30 Nov 2018
4 Jun 2018
1 Jun 2018
Short delivery is the industry term for the lifting of a lesser amount of bunkers than what has been agreed, or what the buyer - in most cases, ship operators and owners – will pay for.
A 'gain' occurs when a supplier shortchanges bunker fuel to a receiving vessel, usually with the knowledge of the bunker surveyor who gets a backhander for such malpractices.
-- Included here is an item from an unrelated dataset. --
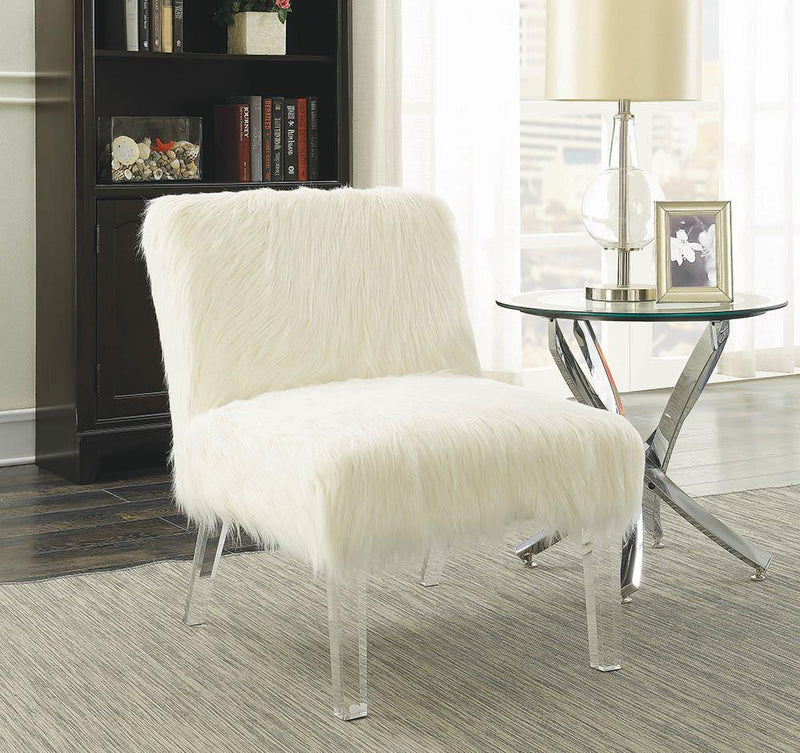 G904059 Contemporary White Accent Chair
Cheating suppliers can then use the extra fuel siphoned from a few under-deliveries for resale in the 'black market', mostly at lower than market-rate levels.
Even in a relatively well-regulated bunkering port such as Singapore, which at present sees the most amount of marine fuels being sold every year – total sales up till November this year already crossed the 33 million metric tonnes (mt) mark – it is not unheard for suppliers to be caught red-handed and punished.
In the most recent conviction, Singapore courts found that the director of local supplier Faber Marine Pte Ltd bribed a chief engineer and a surveyor to short change a bunker buyer by 300 mt of intermediate fuel oil (IFO).
As a result, director Lee Tong Kit's company Faber Marine had its bunker supplier's licence revoked by the Maritime and Port Authority of Singapore (MPA) effective December 9, 2009.
Short delivery cases pending, as reported by Bunkerworld, include one involving Shanker Balasubramanian, an ex-employee of oil major Chevron, who is alleged to have conspired with a freelance marine cargo surveyor to siphon off bunker fuel and bribe a third person.
That case is currently under deferment and a pre-trial conference on December 15 was adjourned to January 19, a spokeswoman from the court had said.
Though reported cases or criminal convictions with regards to the short delivery of bunkers seem to emanate mostly from the Singapore market, short delivery also takes place in other bunker markets around the world, according to an industry player.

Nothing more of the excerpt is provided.